Segment Start: SUPPLIED DATA

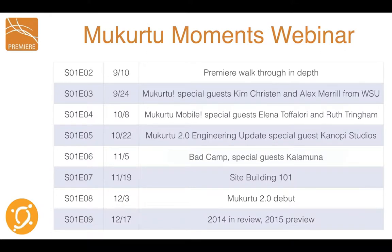We're planning to do webinars and trainings about every two weeks throughout the fall. The full schedule will be available on premier.mukadu.org and we'll send out invitations regularly. If you have topics you'd like us to cover, please let us know. This is definitely a work in progress and we would love any feedback you have for us.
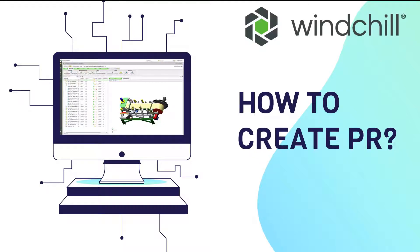In today's video, we will learn how to create a problem report in Windchill.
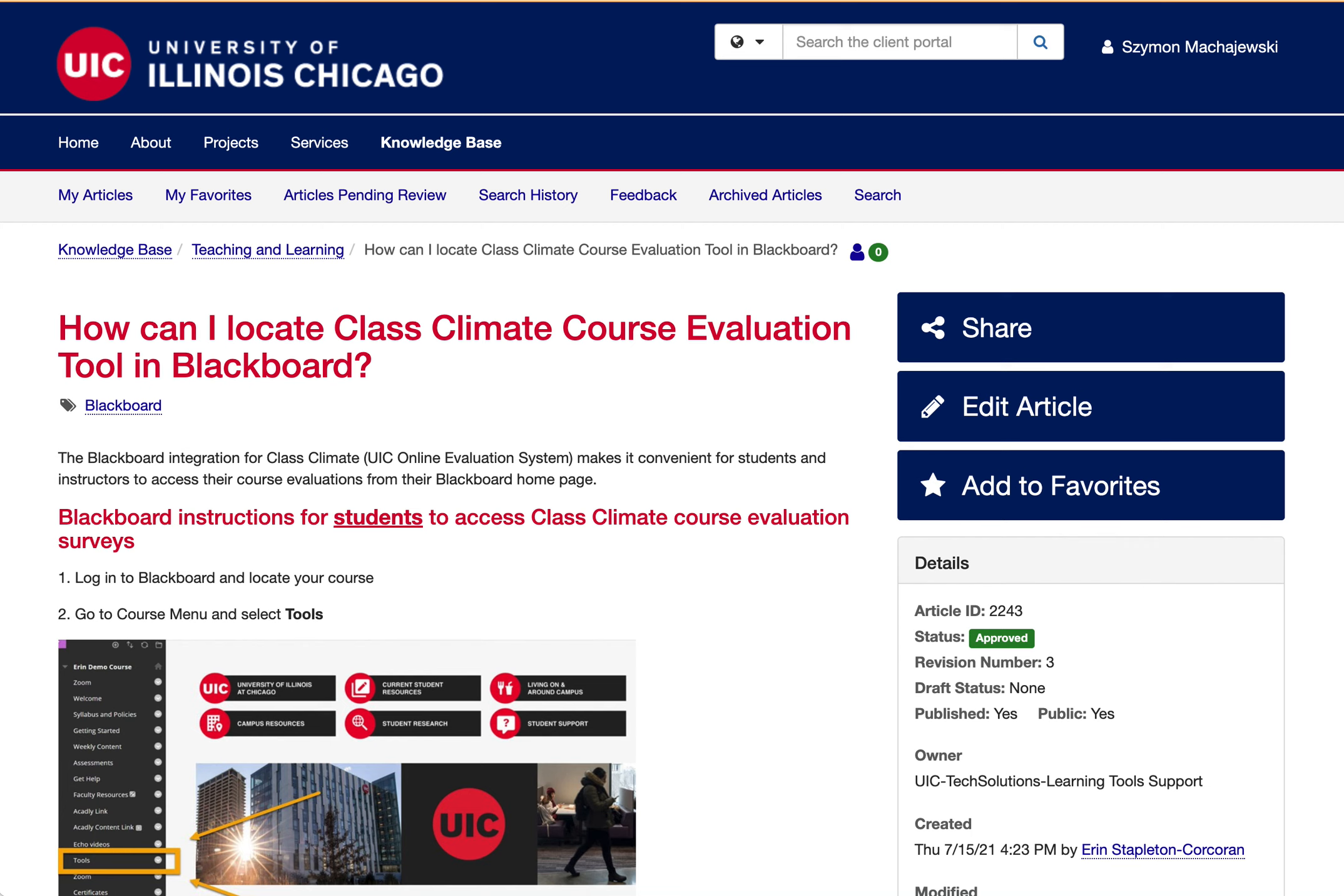Hi, let me demonstrate how to use Class Climate in UIC Blackboard course. This is a set of instructions for instructors.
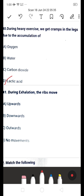Next question: during exhalation, the ribs move — A: upwards, B: downwards, C: outwards, or D: no movement? The answer is B — downwards. During exhalation, the ribs move downwards and inwards. When the diaphragm moves up, the ribs move inward.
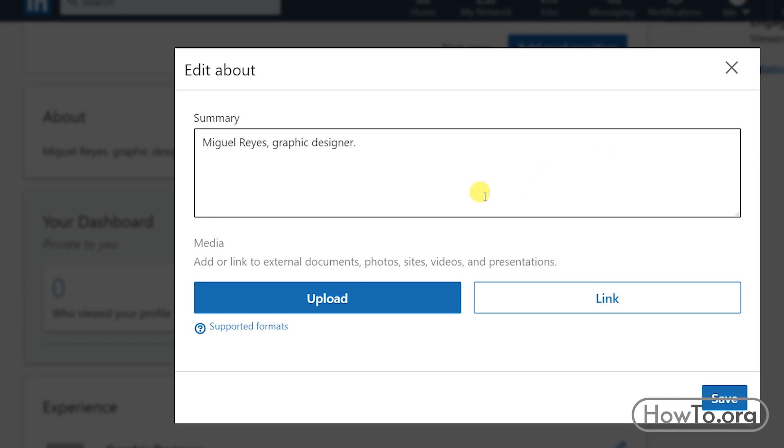We see here a window where the upload button will appear. Here we can upload documents, photos, videos, websites, presentations.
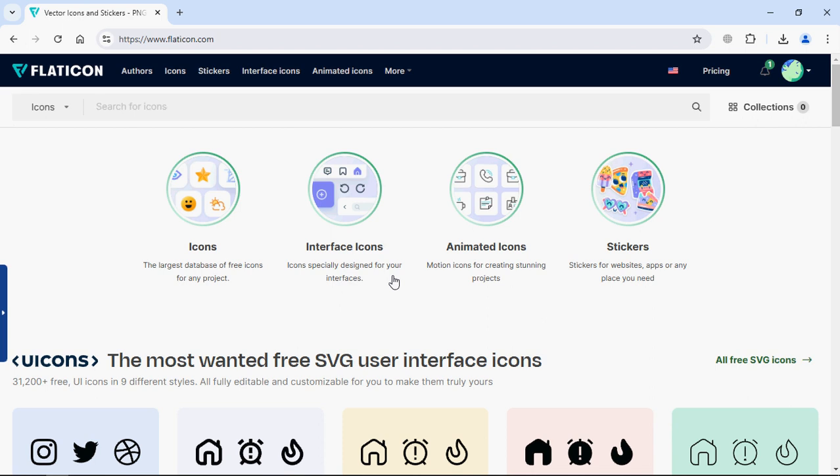Hi everyone, in this video you will learn how to use flat icons in your HTML project. Currently I am on flaticon.com website. Once you are on the website you will get this sort of interface.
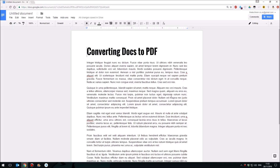Hello and welcome to my series of 60-second how-to videos on Google Apps. Today I'm looking at how you can convert a Google Docs document to a PDF file that you can download and distribute to anyone who has a computer.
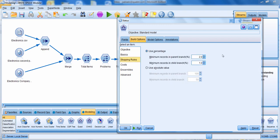The stopping rules tab tells Modeler when to stop building your tree. You can stop building because you've run out of predictors, there are no longer any important predictors, you've reached the maximum number of levels, or you don't have enough records in a parent or child branch. The default is set based on percentages, but you can also use absolute values. I sometimes change these percentages higher because I may not want to build a branch when only one percent of records are there.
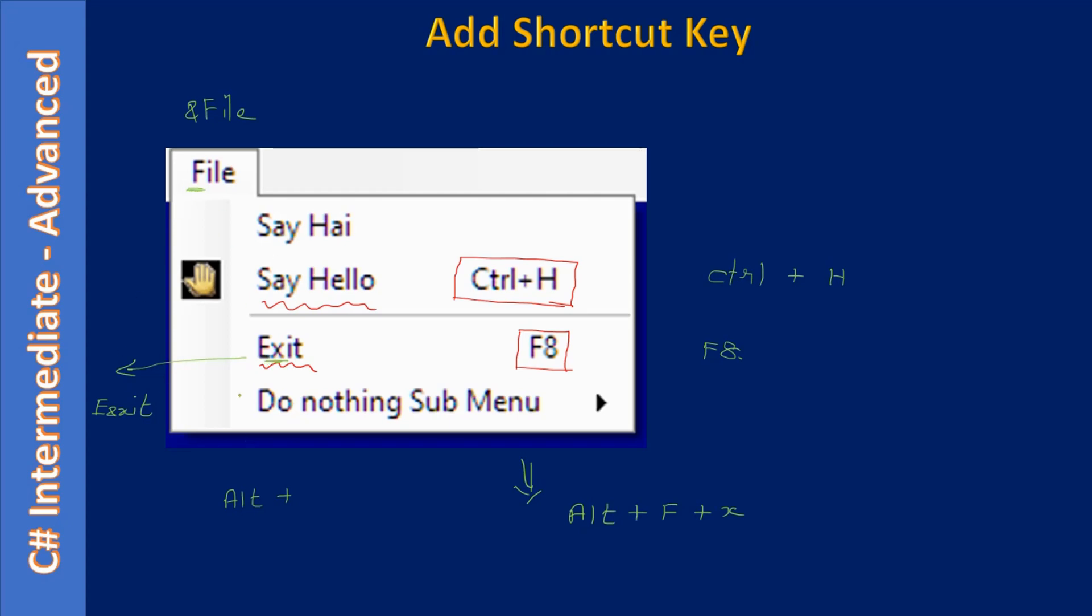This means after pressing Alt, user can know that if they press F-X, the application will exit. Also with the Alt key combination, the C-sharp application will animate the menu. So once the user presses the Alt key, the animation will take place - that means once they press Alt-F, the menu will be shown.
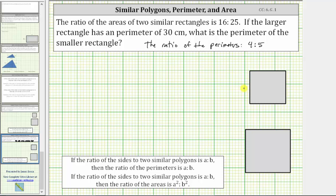We should be able to recognize if the area of this square is 16 square units, the length of each side would have to be four units, because the area is equal to four times four, or 16 square units. And if the area of this square is 25 square units, the length of each side must be five units.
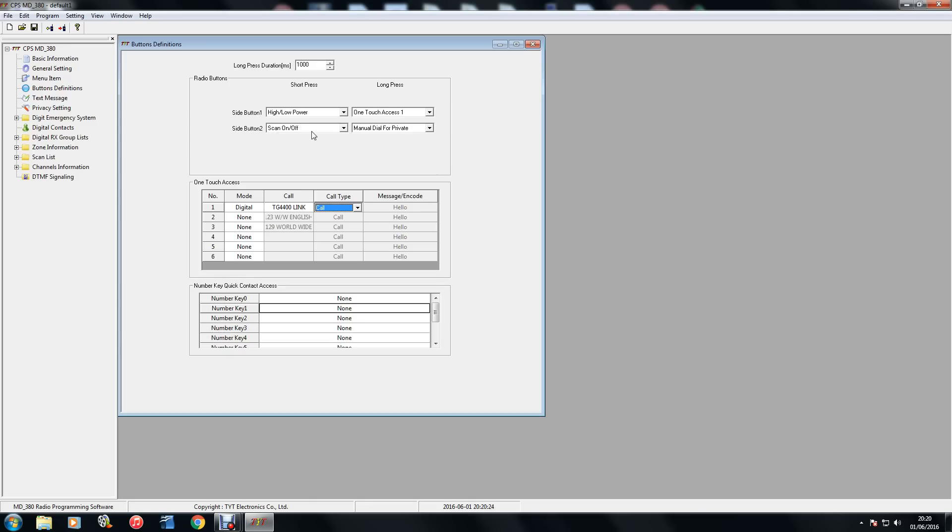So side button 2, I've programmed there. A long press of side button 2, I get a screen where it says, enter the reflector number. You just type it in and press transmit. And then it will connect to whatever reflector you've typed in. It's quite handy. If you want to quickly disconnect, you could type in 4000 and it will disconnect from whatever reflector you're on.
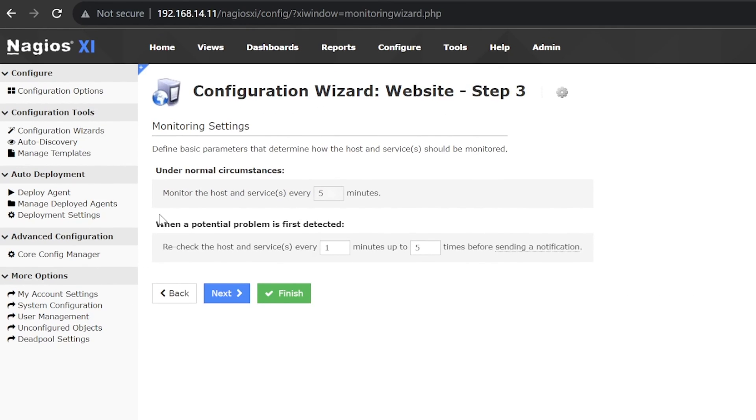This is where you can adjust the check interval. Enter the check interval at which you'd like XI to check the website. The default interval is 5 minutes.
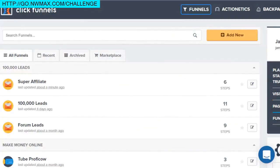Hey, what's going on! I hope you're having an awesome day. If you're looking for the best sales funnel builder and creator software — one that you can use for Facebook, social media, AdWords, network marketing, business to business, Shopify, ecommerce, high ticket sales, webinars, or even coaching and consulting — regardless of what online business you have, this is going to be the best sales funnel software for you. It's ClickFunnels.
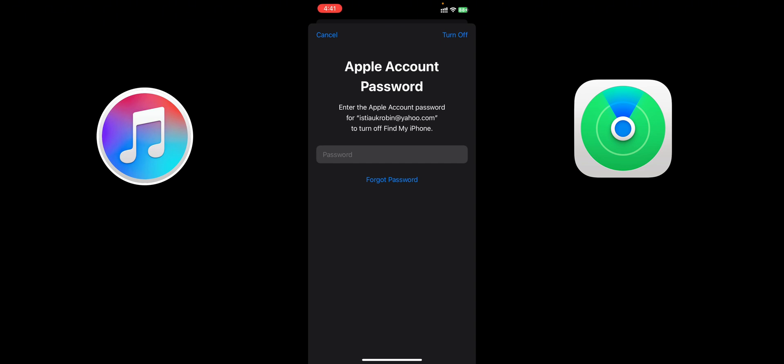So now you need to put your Apple ID password to turn it off permanently. You can turn it back on after your work is done. That's it guys, this is the thing. Now you can turn on and off Find My iPhone like if you want to reset your iPhone in iTunes. You need to turn off the Find My option. You can turn it back on when your work is done.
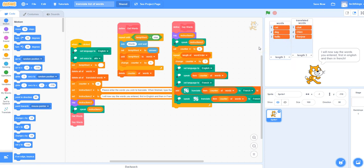A more advanced challenge would be to give the user the opportunity to select what language they would like to translate their words to.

Segment End: SUPPLIED DATA

▸ **WHAT YOU ARE ASKED TO DO**
Copy nothing but the lines from the top of the data down to the line containing "Hi, let me demonstrate", and leave the pictures out.

▸ **ANSWER**
We're planning to do webinars and trainings about every two weeks throughout the fall. The full schedule will be available on premier.mukadu.org and we'll send out invitations regularly. If you have topics you'd like us to cover, please let us know. This is definitely a work in progress and we would love any feedback you have for us.
In today's video, we will learn how to create a problem report in Windchill.
Hi, let me demonstrate how to use Class Climate in UIC Blackboard course. This is a set of instructions for instructors.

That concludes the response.